Estadão: ‘Nova política’ apoia modelo de ‘distritão’

Leia, na íntegra, artigo de Daniel Bramatti e Mateus Coutinho publicado no jornal O Estado de São Paulo em 7 de setembro.

“Em nome da ‘Verdade Eleitoral’, Marina sugere escolha dos deputados mais votados, descartando sistema que leva em conta o partido.

O programa de governo da candidata do PSB à Presidência, Marina Silva, propõe “a adoção de novos critérios” para compor a Câmara dos Deputados se outras casas legislativas.A ideia seria buscar uma “aproximação da Verdade Eleitoral, conceito segundo o qual os candidatos mais votados são os eleitos”.

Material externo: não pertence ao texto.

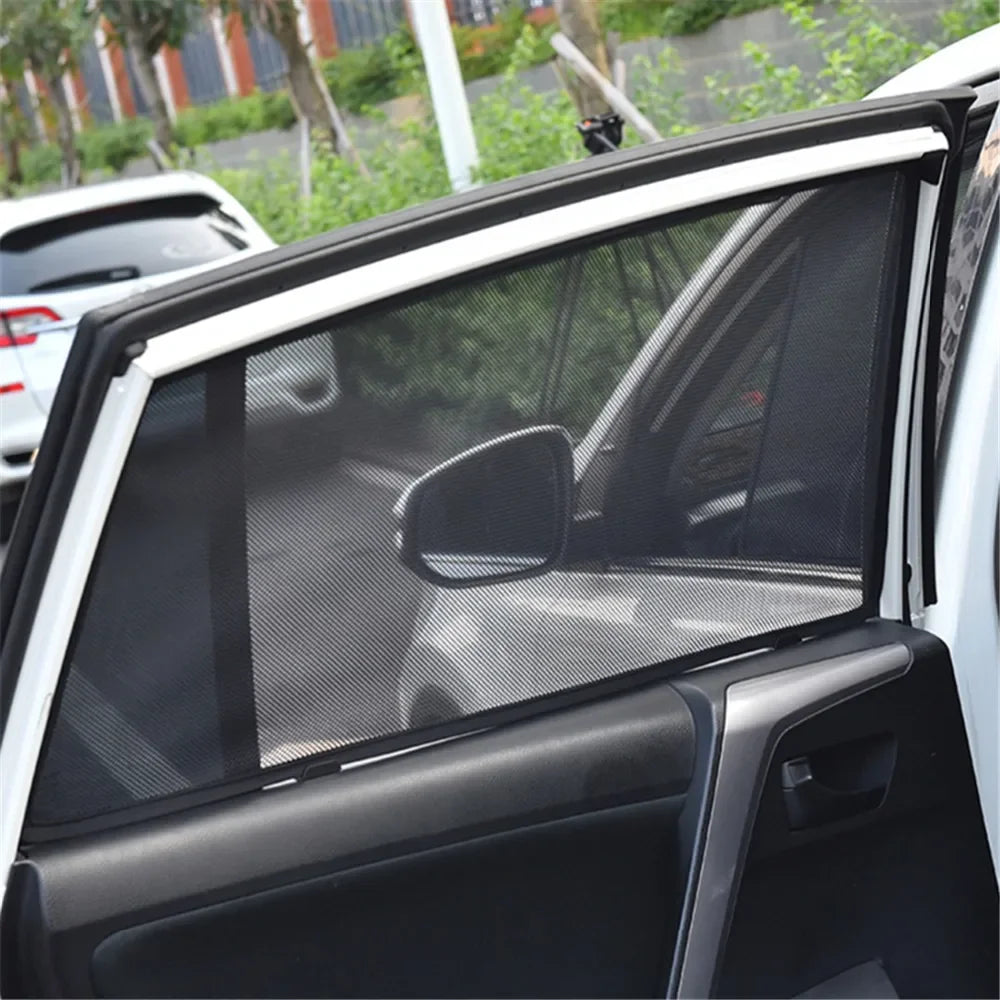 LOR MALE Custom Magnetic Car Window Sunshade For Toyota RAV4 XA50 2018-2023 5th Gen SUV Curtain Mesh Front Windshield Frame Curtain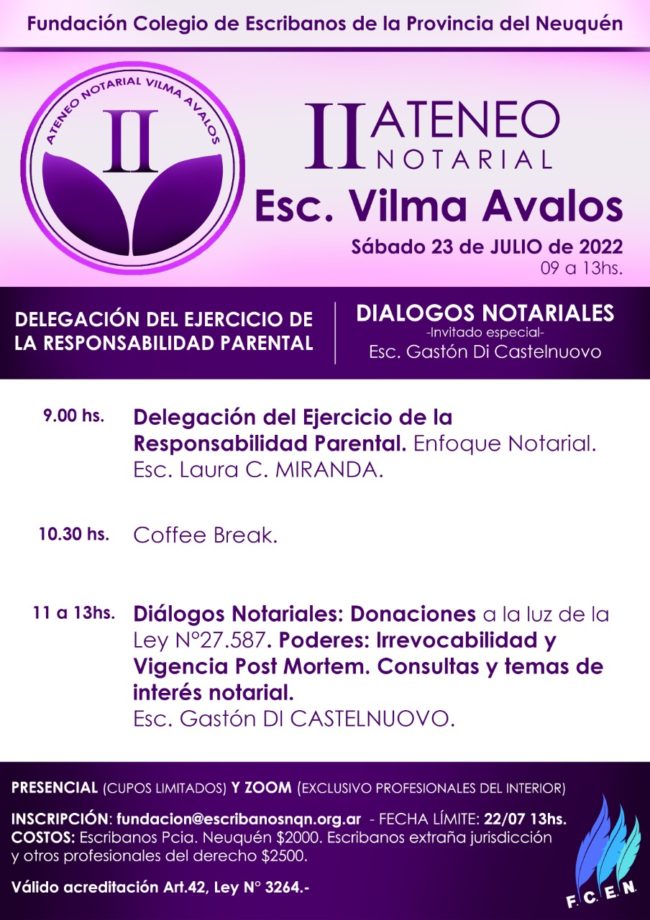 Imagen y Flyer nuevo fecha Ateneo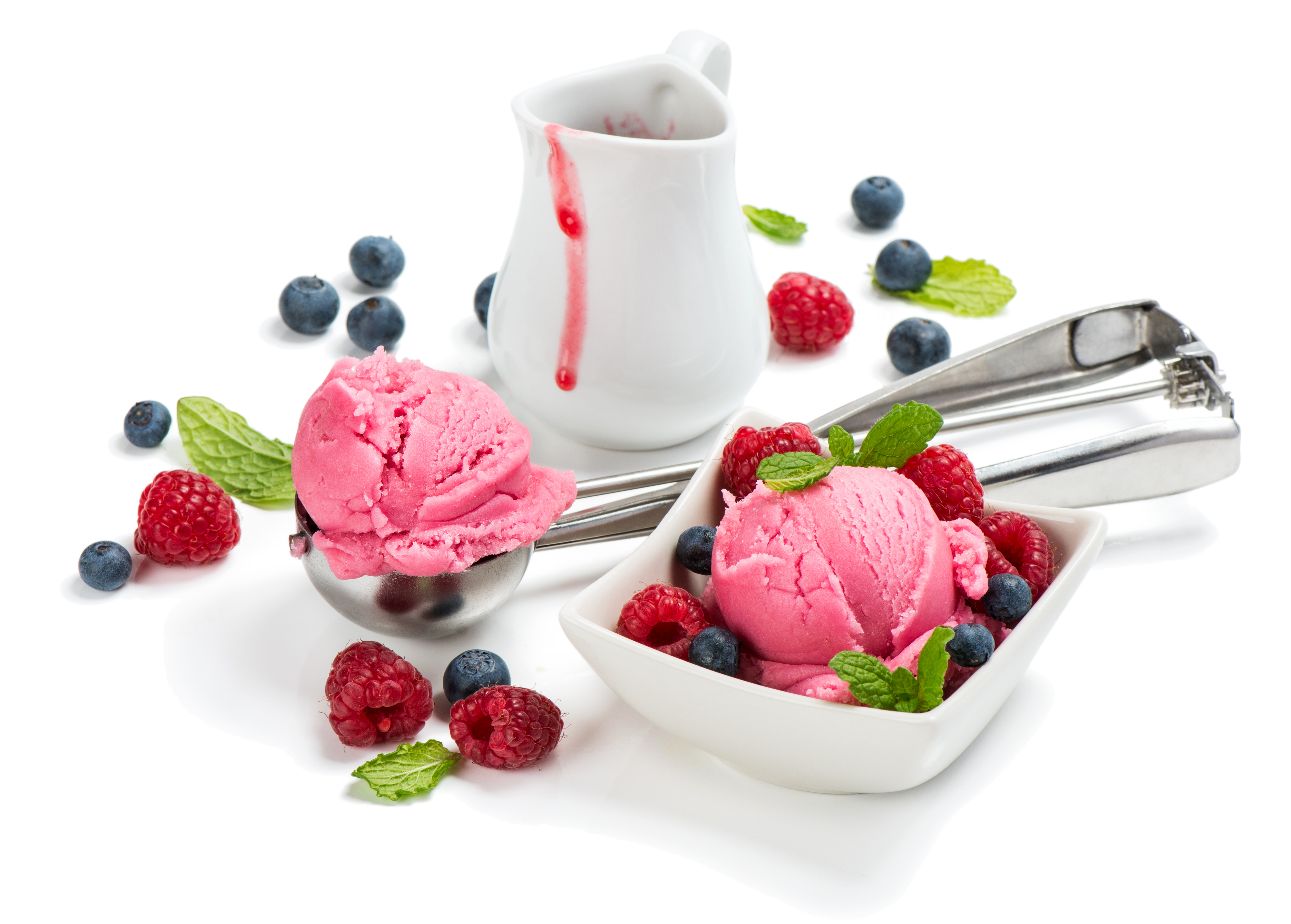 Download mobile wallpaper Food, Blueberry, Raspberry, Ice Cream, Still Life, Berry for free.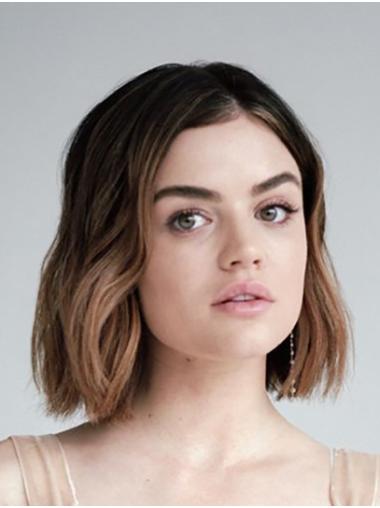Synthetic Ombre/2 Tone Wavy 12" Chin Length Bobs Suitable Lucy Hale Wigs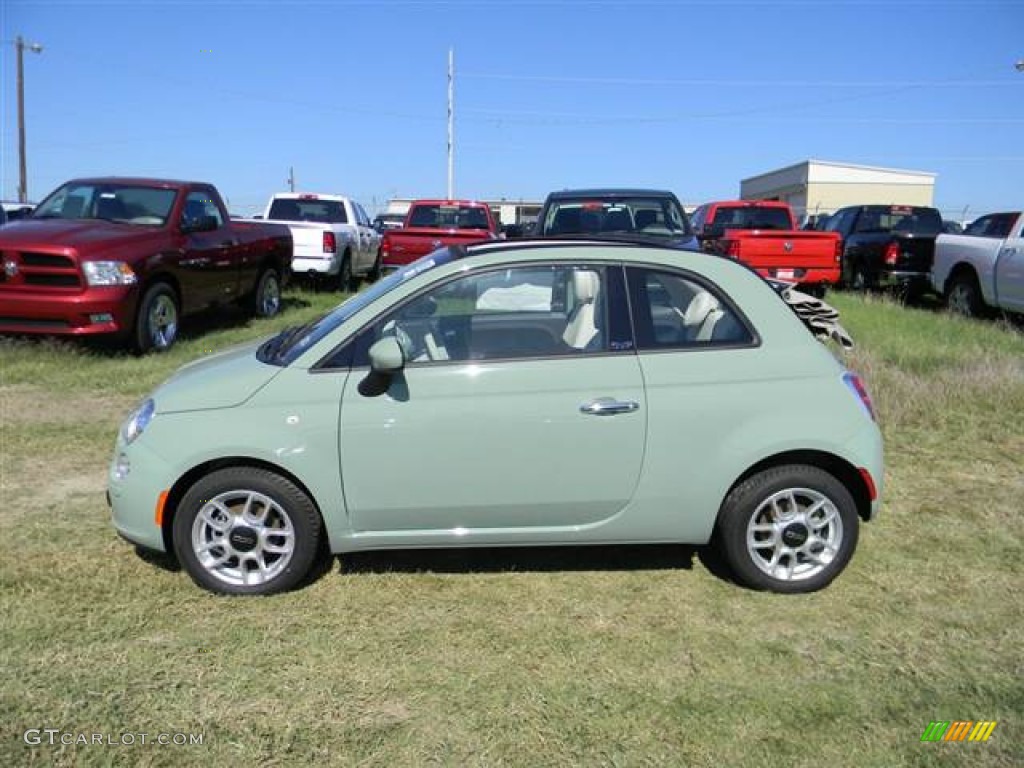 Verde Chiaro (Light Green) 2013 Fiat 500 c cabrio Pop Exterior Photo #73121259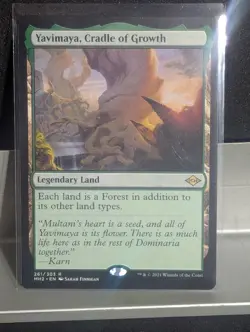 Yavimaya, Cradle of Growth X1 LP Modern Horizons 2 MTG - Image 1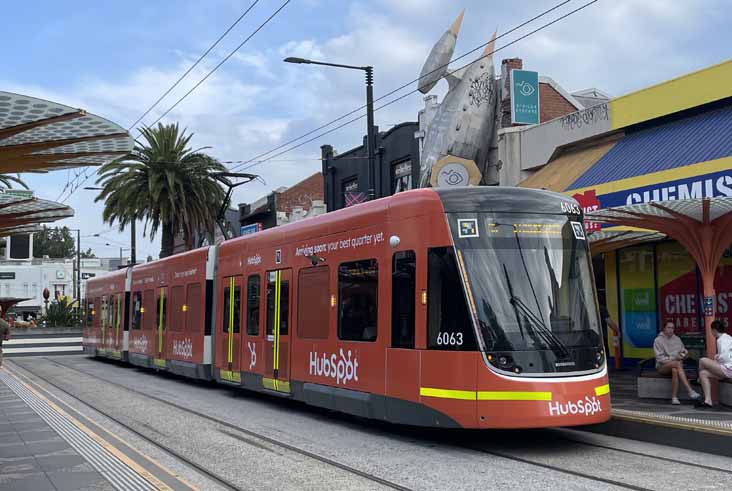 Yarra Trams Bombardier Flexity City 6063 HubSpot
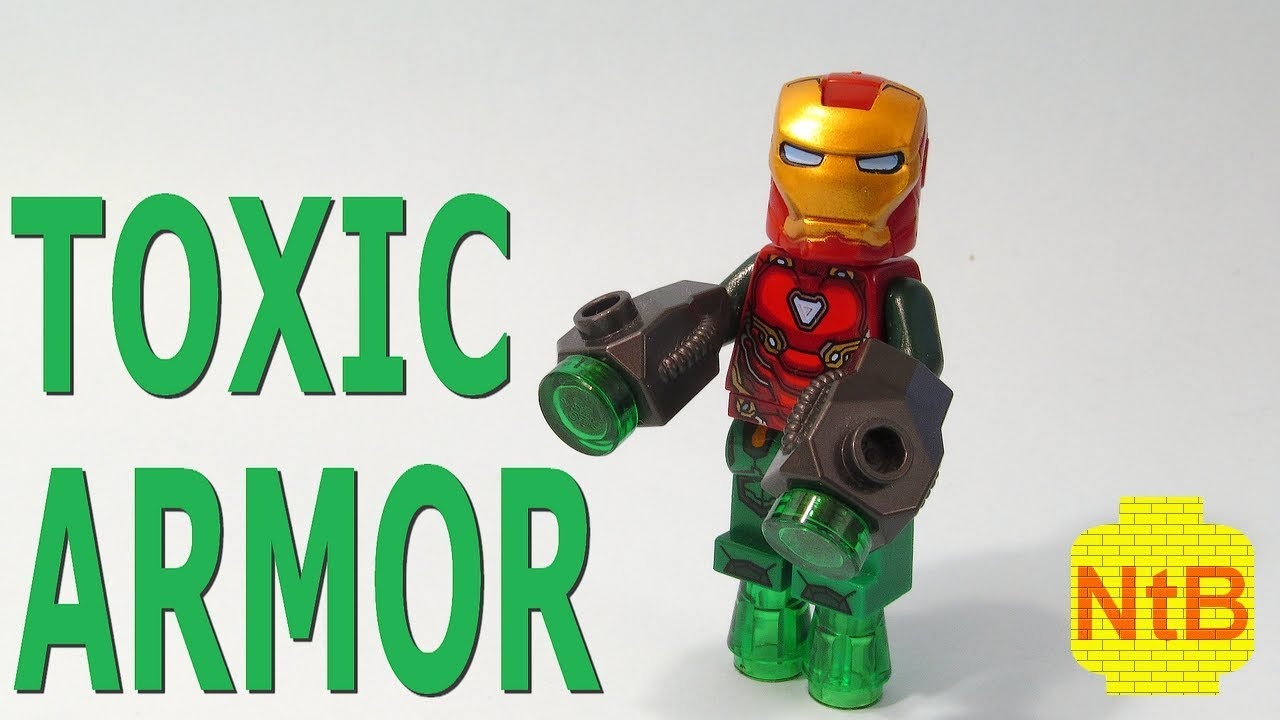 lego custom iron man suits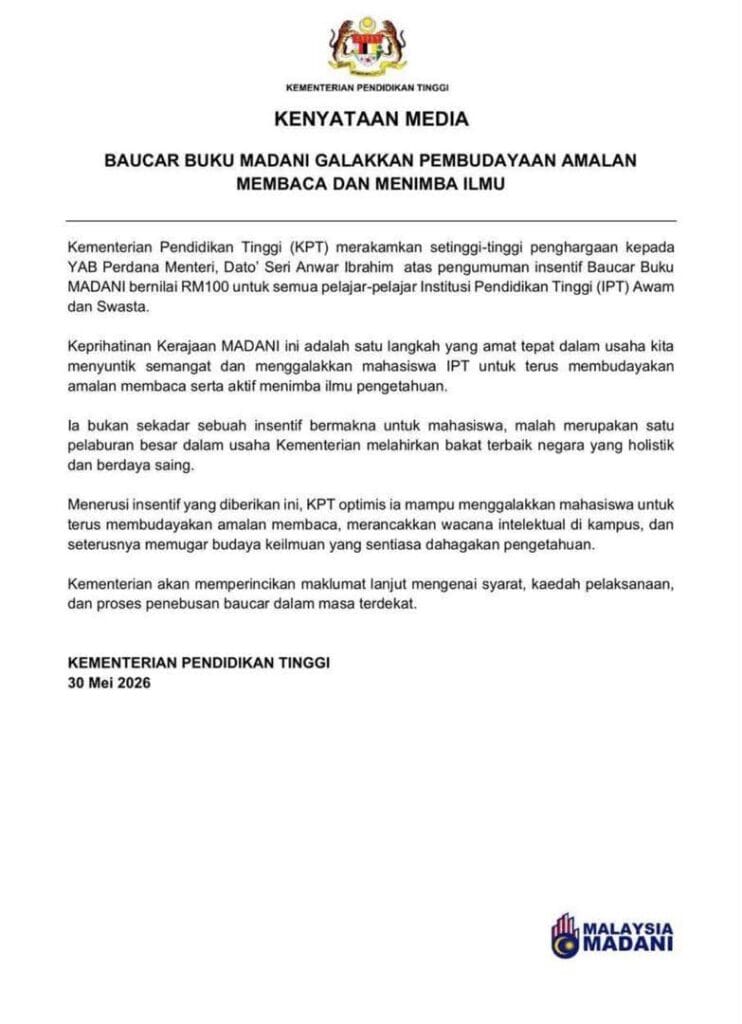 baucar buku madani pelajar ipt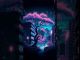Cyberpunk Fantasy Glowing Cherry Blossom Tree HD Mobile Lock Screen MWPL006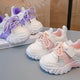 Baskets à la mode pour enfants, chaussures d'école pour garçons et filles, chaussures de course, semelle en caoutchouc souple antidérapante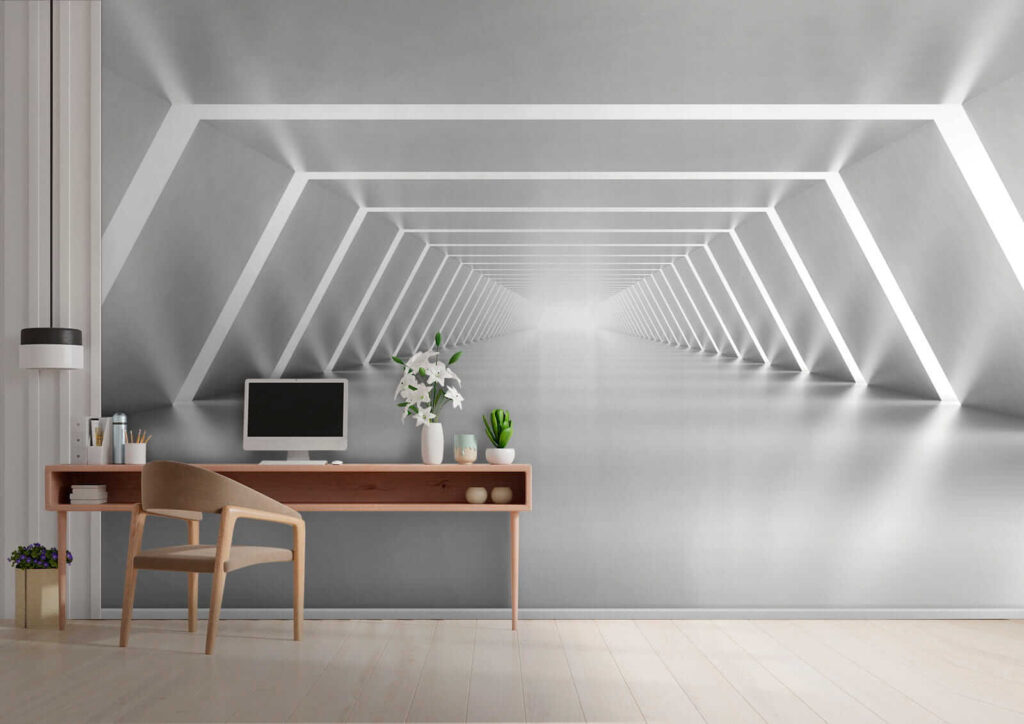 Lines of light, corridor — interior 8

O que soa como obviedade representaria, na prática, uma mudança profunda no sistema eleitoral, no qual nem sempre o deputado mais votado conquista a vaga em disputa. Se a proposta de distribuir as cadeiras aos mais votados estivesse em vigor na eleição de 2010 para a Câmara, os beneficiados seriam PMDB, PSDB e DEM.

Hoje, ao votar em um candidato, o eleitor, ainda que não de forma consciente, registra primeiramente seu voto para um partido ou coligação. O total de votos do partido ou coligação é que define quantas vagas terá direito. Um candidato campeão de votos pode ficar de fora da lista de vencedores se sua legenda não alcançar o quociente eleitoral, piso de votos cuja fórmula leva em conta não só o desempenho dos indivíduos nas urnas, mas o de seus partidos.

Distrito

Em 2011, o vice-presidente Michel Temer (PMDB) idealizou uma reforma política que, como a proposta de Marina, eliminaria esse sistema, ao estabelecer o que ele chamou de “distritão”. Cada Estado seria transformado em um distrito eleitoral, e, na prática, haveria uma eleição majoritária, e não mais proporcional, para o Legislativo.São Paulo, por exemplo, que tem 70 cadeiras na Câmara, elegeria os 70 candidatos mais votados, independentemente do desempenho dos partidos.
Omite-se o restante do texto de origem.